# Ics and flash



## Rjl1844 (Feb 23, 2012)

Is there any browsers for ics that will play on line videos?

Sent from my DROID BIONIC using Tapatalk 2


----------



## francisedwood (Jan 15, 2012)

download the adobe flash app and use dolphin hd


----------



## Hikenit (Dec 22, 2011)

I never had luck getting Flash video to play on ICS, but there is a was post somewhere about a apk that disables flash. If you're rooted you should be able to disable the disabler.


----------



## Rjl1844 (Feb 23, 2012)

I am rooted and I did see an apk in tibackup that said flash disabler... adobe isn't supporting any 4.0 devices. Wonder if its safe.... any ideas? Thx for the responses

Sent from my DROID BIONIC using Tapatalk 2


----------



## Hikenit (Dec 22, 2011)

Did you try booting into recovery mode, clear the cache and reboot?


----------



## Hikenit (Dec 22, 2011)

I'd


Rjl1844 said:


> I am rooted and I did see an apk in tibackup that said flash disabler... adobe isn't supporting any 4.0 devices. Wonder if its safe.... any ideas? Thx for the responses
> 
> Sent from my DROID BIONIC using Tapatalk 2


That's the one! Now if you can stop that you should be golden from what I've read. Just wish I could find my link in my massive amounts of saved favorites in the past week..


----------



## marleyinoc (Oct 10, 2011)

I can play flash in stock .232 leak. I downloaded 11 from play.

Does not work in chrome tho

______
Bionic. ICS leak 6.6.232 Rooted/"stock"


----------



## smokedkill (Feb 11, 2012)

Which ICS are you using? One of the custom versions that have been out for months or the leak.

Sent from my DROID BIONIC using Tapatalk 2


----------



## Rjl1844 (Feb 23, 2012)

I'm on the latest leak. I can play some video but not all...

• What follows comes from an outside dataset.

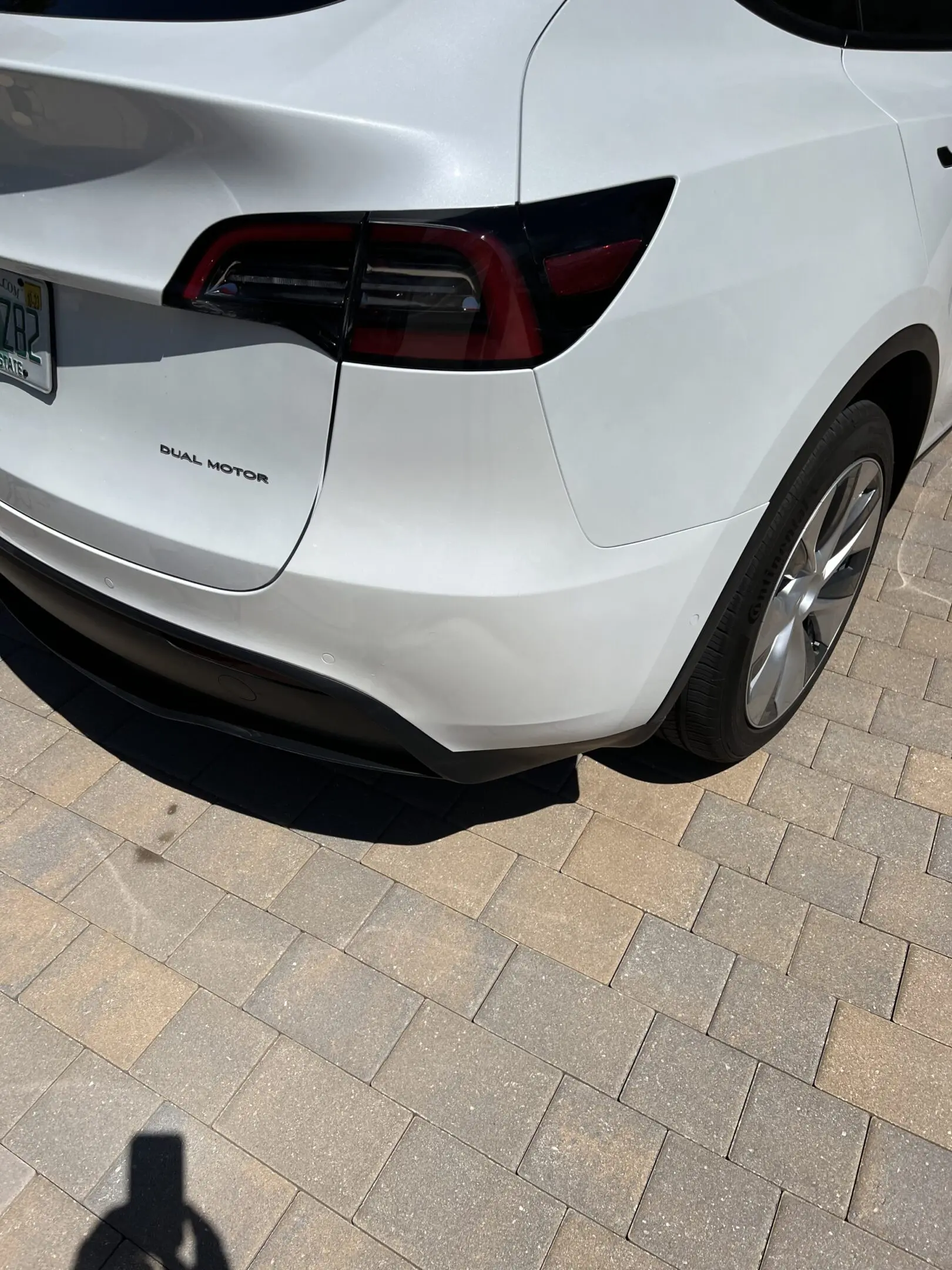 Rear view of a white Tesla Model Y parked on a stone driveway.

Sent from my DROID BIONIC using Tapatalk 2


----------



## John L. Galt (Sep 16, 2011)

Hikenit said:


> I am rooted and I did see an apk in tibackup that said flash disabler... adobe isn't supporting any 4.0 devices. Wonder if its safe.... any ideas? Thx for the responses
> 
> Sent from my DROID BIONIC using Tapatalk 2


The flash disabler app is actually frozen. If you defrost it, it simply removes Adobe Flash. That is all it does.

I know this b/c i power defrosted all my frozen apps, and forgot about that one being in there - and on next boot Flash was gone. I had to restore my TB backup of it.

Sent from my rooted .905 BIONIC running ICS 6.7.235 via Tapatalk 2


----------



## monkeyass408 (Jan 20, 2012)

finally i got flash to work on my droid bionic .232 ics leak. I read that there was an flash-disabler.apk that shows up in titanium backup. All i did was use titanium backup to uninstall that apk. Then i used regular method to uninstall and reinstall flash (got the apk from apktops.com). I rebooted into recovery and cleared the cache. Advertisment works and the video works. It no longer freeze up the browser. Hope it helps fellow bionic user who were frustrated like me having flash on their ICS leak.


----------



## francisedwood (Jan 15, 2012)

you most likely already have flash 11 in your "my apps/all" list in google play..it will still work and the workaround you think you need isn't necessary. For whatever reason (apple paying adobe exorbitant amounts of money most likely) they have abandoned android 4.0.x + but will work because ours is 4.0.4. if we had the 4.3 like the samsung galaxy s3, we'd be screwed. they want you to download adobe air but it doesn't do anything for flash video. It says it's still listed on PLAY because older android phones are still supported but there won't be anymore updates.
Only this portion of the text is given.